Изобретение прав человека: история - Хант Линн
Шрифт:
Интервал:
Закладка:
Глава 1. «Потоки чувств». Чтение романов и воображение равенства
За год до публикации «Общественного договора» Руссо привлек большое внимание читателей в разных странах своим романом «Юлия, или Новая Элоиза» (1761). Если современники считают, будто действие в эпистолярном романе, или романе в письмах, развивается мучительно долго, то читатели XVIII века воспринимали это как нечто естественное.
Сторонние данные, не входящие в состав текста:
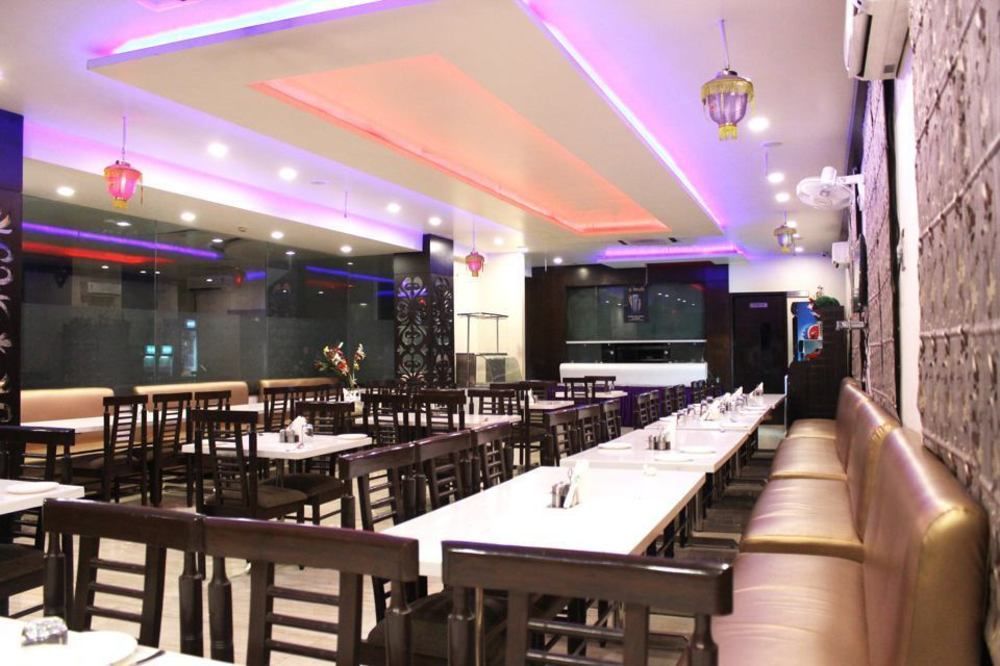 Hotel Krishna International Vrindāvan Екстериор снимка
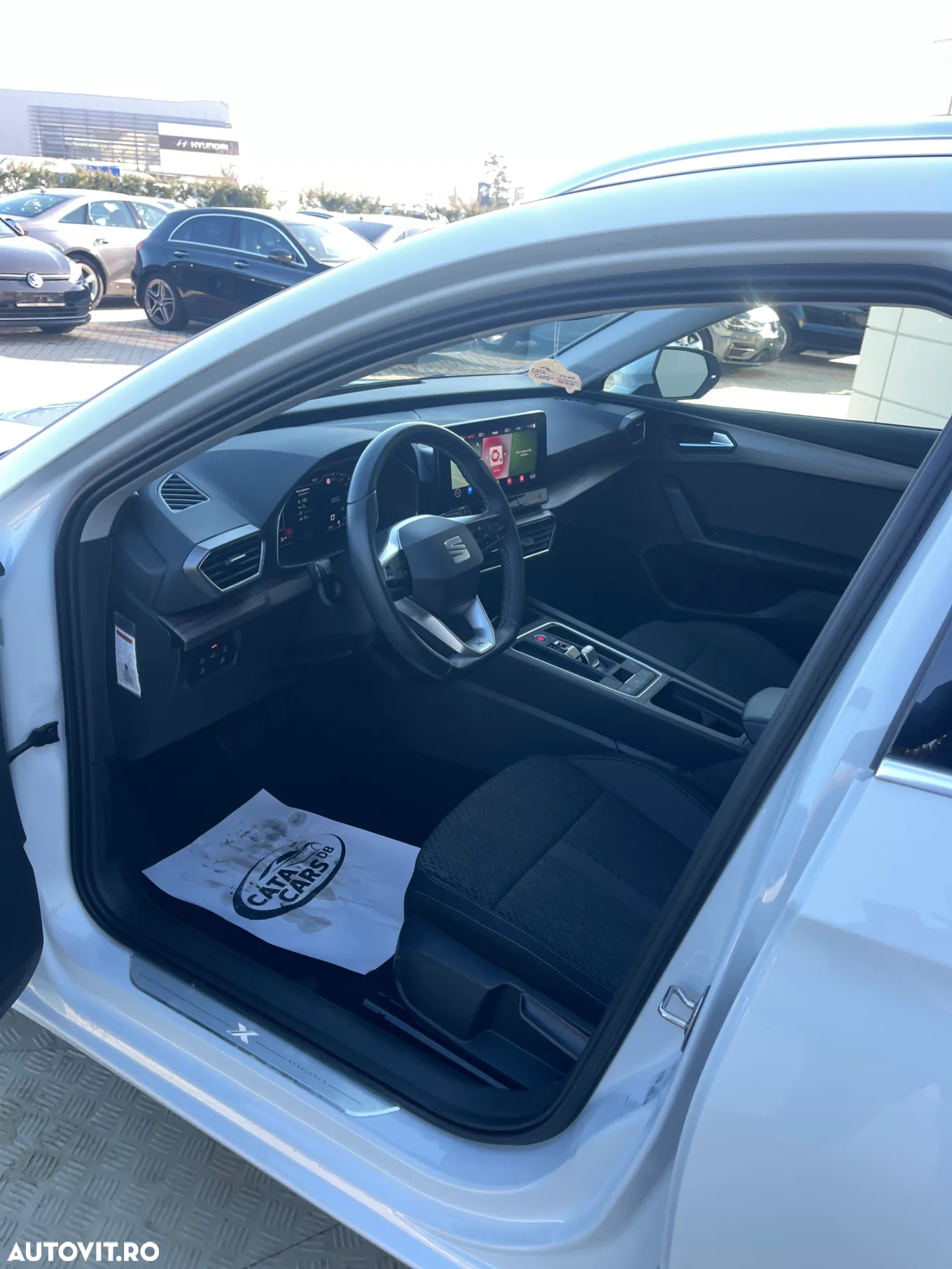 Seat Leon ST 2.0 TDI Start&Stop DSG Xcellence - 28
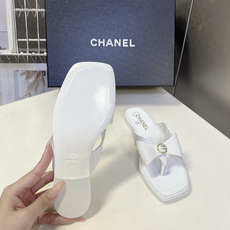 Chanel香奈儿春夏最新款珍珠蝴蝶结方头夹趾平底凉拖超多明星网红种草 香奈儿春夏度假系列轻奢人字拖 融 Chanel香奈儿春夏最新款珍珠蝴蝶结方头夹趾平底凉拖超多明星网红种草 香奈儿春夏度假系列轻奢人字拖 融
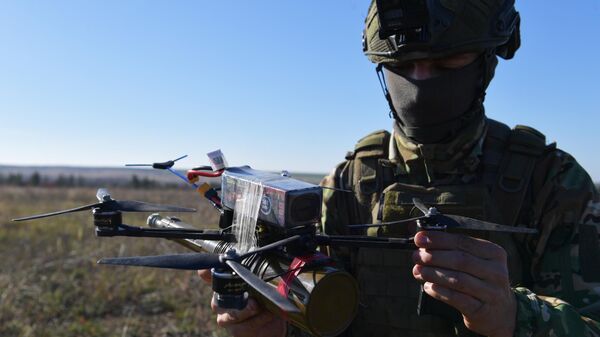 FPV dron-kamikadze v rukah razvedčika Novorossiйskogo desantno-šturmovogo gornogo soedineniя na Zaporožskom napravlenii VSO - Sputnik Srbija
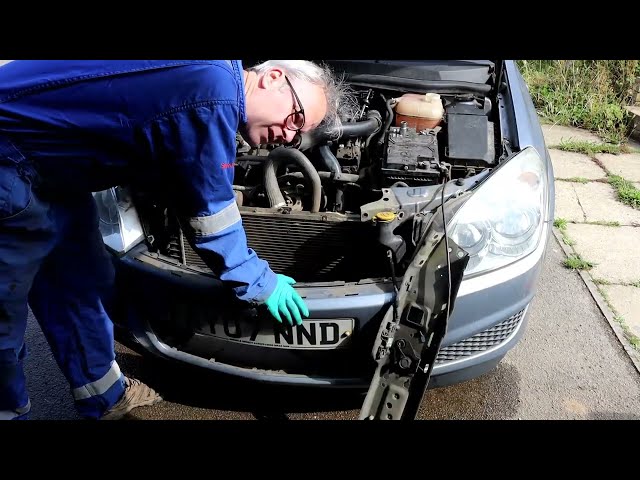 VAUXHALL/OPEL Astra H radiator change (remove intercooler and electric fan). CDTi. 1.3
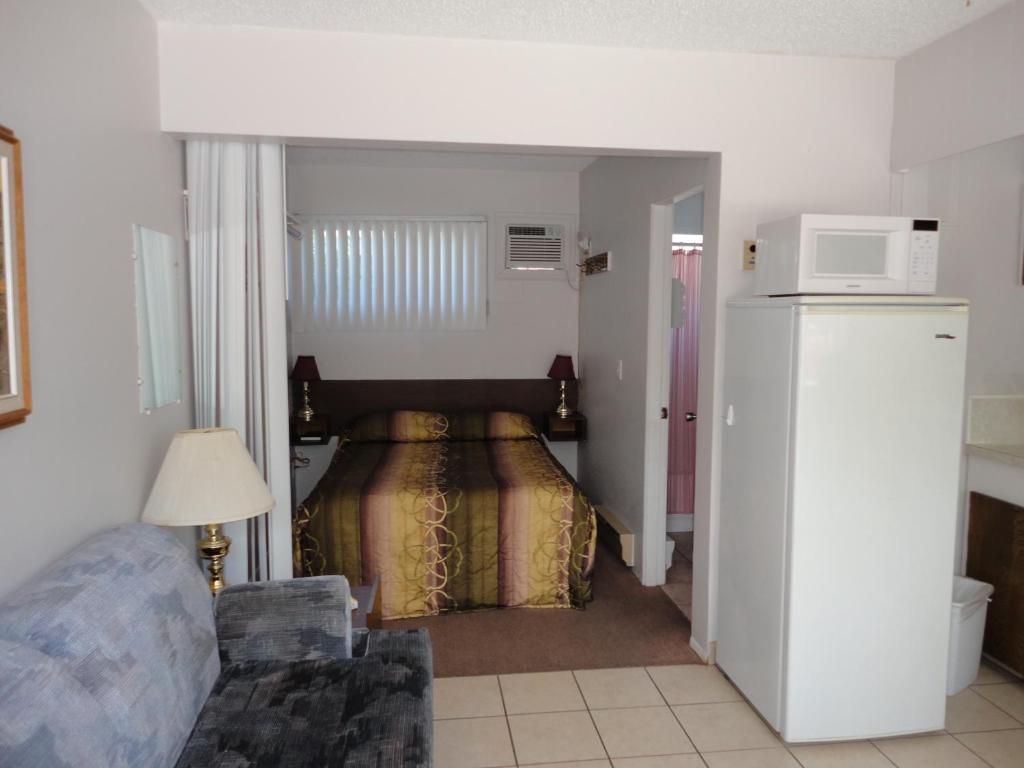 Bella Villa Resort Motel Osoyoos Room photo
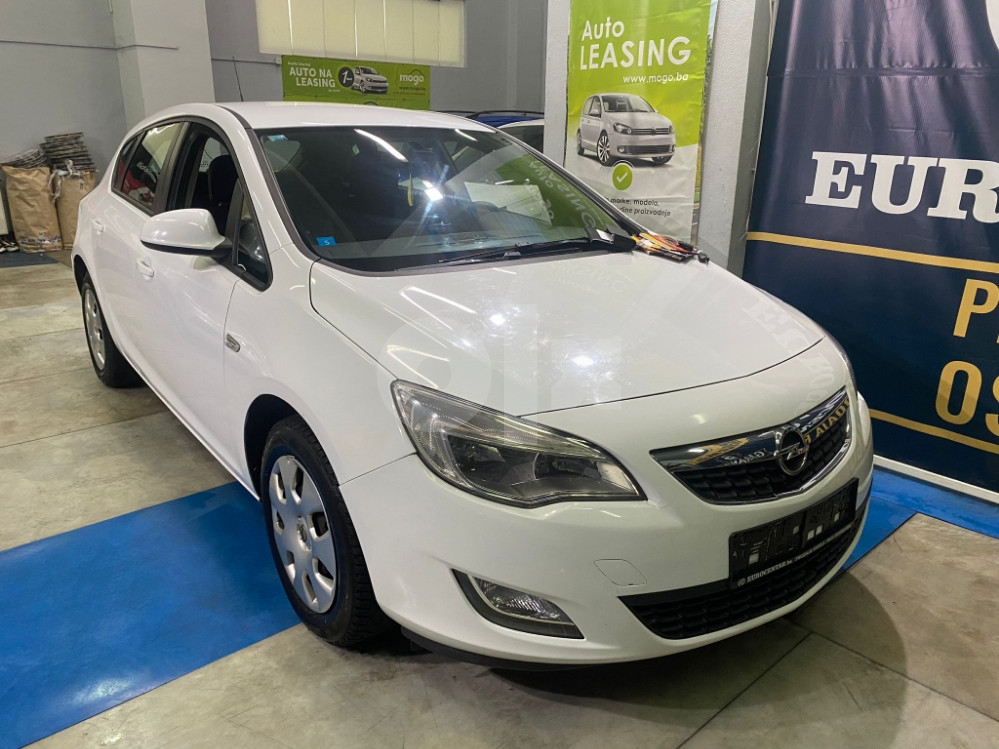 OPEL ASTRA J 1.4i, 2012 GODINA, 80000 KM PREŠLA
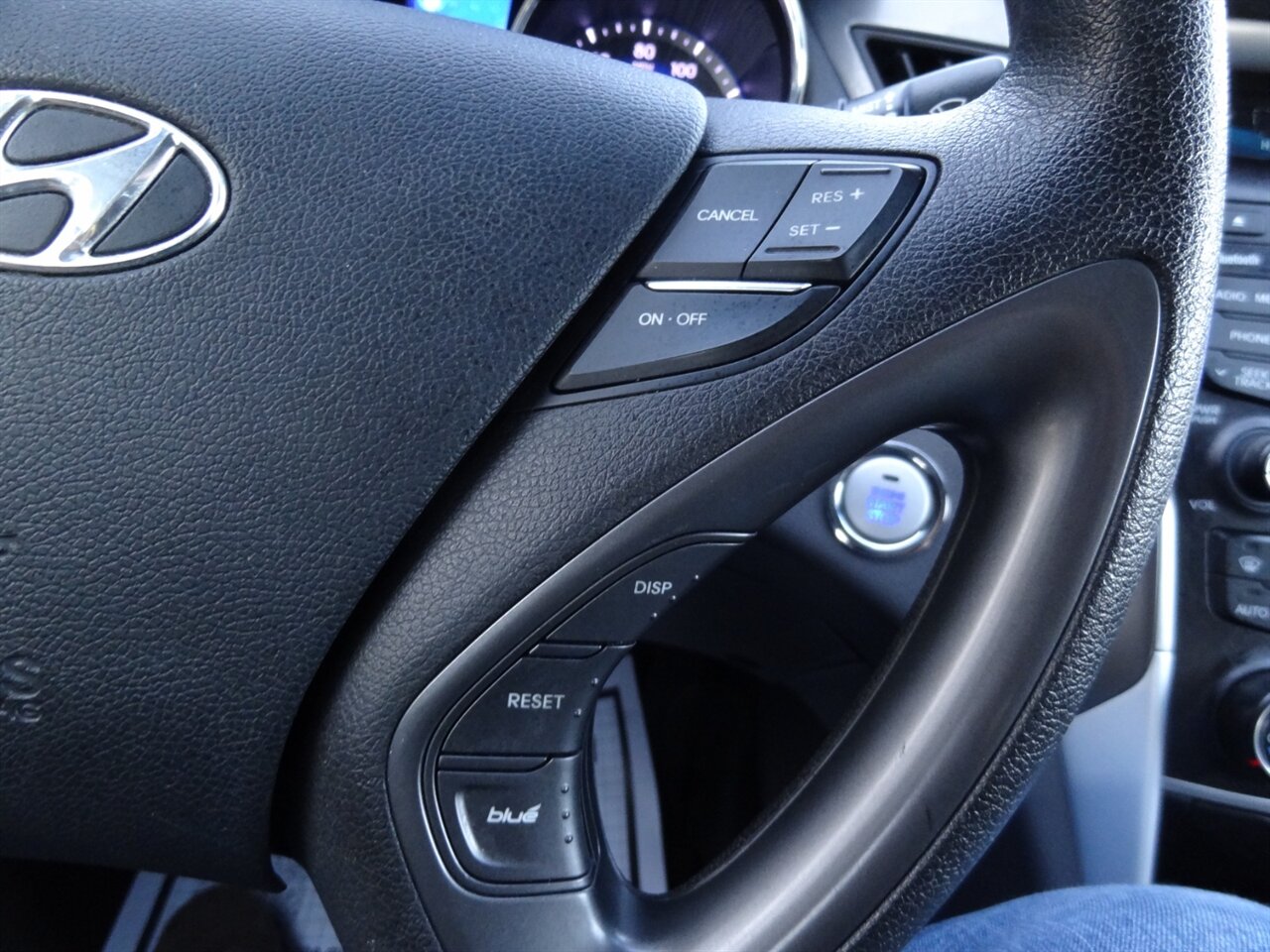 2013 Hyundai SONATA Hybrid   - Photo 48 - Deland, FL 32720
Подзаголовок подогрел их интерес, поскольку средневековая история несчастной любви Элоизы и Абеляра была им хорошо знакома. В XII веке философ и католический богослов Пьер Абеляр соблазнил свою ученицу Элоизу, за что и поплатился: дядя девушки приказал оскопить его. Навеки разлученные любовники потом обменивались сокровенными посланиями, которые до сих пор пленяют сердца и умы читателей. На первый взгляд казалось, что созданное Руссо подражание указывало в совершенно другую сторону. Новая Элоиза, Юлия, тоже влюбляется в своего учителя, но бросает бедняка Сен-Пре в угоду требованиям своего деспотичного отца выйти замуж за Вольмара – пожилого, но знатного человека, когда-то спасшего ему жизнь. Она не только преодолевает свою страсть к Сен-Пре, но и, кажется, научается любить его как друга и вскоре погибает, бросившись в озеро, чтобы спасти своего младшего сына от утопления. Хотел ли Руссо воспеть ее смирение перед авторитетом родителя и супруга или намеревался показать, какой трагедией обернулся для Юлии вынужденный отказ от собственных желаний?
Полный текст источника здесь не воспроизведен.